Magnetic Threads at MoA

I’ve been invited to be part of a Night Shift event at the Museum of Anthropology, Magnetic Threads, guest curated by contemporary dance group CoERASGA. I’m looking forward to being part of this work on the relationship between the body and woven materials, which has both practical and conceptual implications.

I learned to weave when I was at art school. I learned about warping, drafting, colour effects, and different structures; and the most staggering thing I learned was that the weaving itself — throwing the shuttle, beating — was a blink compared to the labour of the rest of the process.

That truth became the most important part of the story for me, the labour that begins with the back bent over the soil, sowing the seed or tending the flock.

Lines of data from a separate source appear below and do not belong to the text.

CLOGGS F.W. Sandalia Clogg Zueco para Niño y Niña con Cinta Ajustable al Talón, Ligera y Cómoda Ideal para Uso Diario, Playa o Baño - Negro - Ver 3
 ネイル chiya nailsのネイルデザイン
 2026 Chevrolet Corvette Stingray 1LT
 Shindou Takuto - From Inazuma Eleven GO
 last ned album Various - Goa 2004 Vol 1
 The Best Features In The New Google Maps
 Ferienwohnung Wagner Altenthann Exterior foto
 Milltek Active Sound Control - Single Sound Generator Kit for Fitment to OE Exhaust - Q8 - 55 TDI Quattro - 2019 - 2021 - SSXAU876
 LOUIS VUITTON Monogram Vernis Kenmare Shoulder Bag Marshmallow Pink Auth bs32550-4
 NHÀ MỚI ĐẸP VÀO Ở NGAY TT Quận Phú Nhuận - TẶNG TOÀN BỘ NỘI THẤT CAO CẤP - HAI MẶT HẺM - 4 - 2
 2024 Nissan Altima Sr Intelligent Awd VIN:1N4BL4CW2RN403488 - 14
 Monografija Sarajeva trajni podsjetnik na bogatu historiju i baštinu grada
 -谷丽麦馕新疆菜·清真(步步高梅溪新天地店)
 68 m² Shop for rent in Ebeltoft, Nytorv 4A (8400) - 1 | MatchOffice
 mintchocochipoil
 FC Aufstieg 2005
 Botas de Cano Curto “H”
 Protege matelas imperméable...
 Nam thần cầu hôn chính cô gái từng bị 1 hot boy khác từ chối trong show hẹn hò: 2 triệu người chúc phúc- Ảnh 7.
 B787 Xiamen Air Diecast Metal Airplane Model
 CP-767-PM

Now I grow my own flax, know the sheep that furnish me with fleece, and spin my own threads of linen and wool. I think about how fumbling I am compared to my ancestors; my work is occasional and esoteric, but theirs was sure and present in their daily life.

I sow the flax seed
that I harvest as straw
and transform into the linen fibre
that I spin into thread
that I dress on the loom,
and wind on the shuttle bobbins
that fly back and forth
and fill in the weft
that become the cloth
that I finish
and wash.

I have a friend who teaches weaving, who lent me this loom from her collection; it’s a LeClerc, made in Quebec in the 50’s or 60’s, and unique for being a floor-standing loom that can fold flat. I hear about folks giving away looms that belonged to mothers and aunts, which they don’t have space to keep; and yet I also hear about beginner weaving courses in Vancouver and the Lower Mainland filling up with wait lists, so they must be using smaller table looms. It’s nice to be able to produce a wide piece of cloth all at once; but there are many more kinds of looms and weaving traditions in the world than either of these options.

I’ll also be thinking of my colleagues Tracy Williams, Sharon Kallis and Mirae Rosner, who collaborated on Terroir: the Urban Cloth Project, exploring the intersections of land, labour, and textile-making in a contemporary urban context.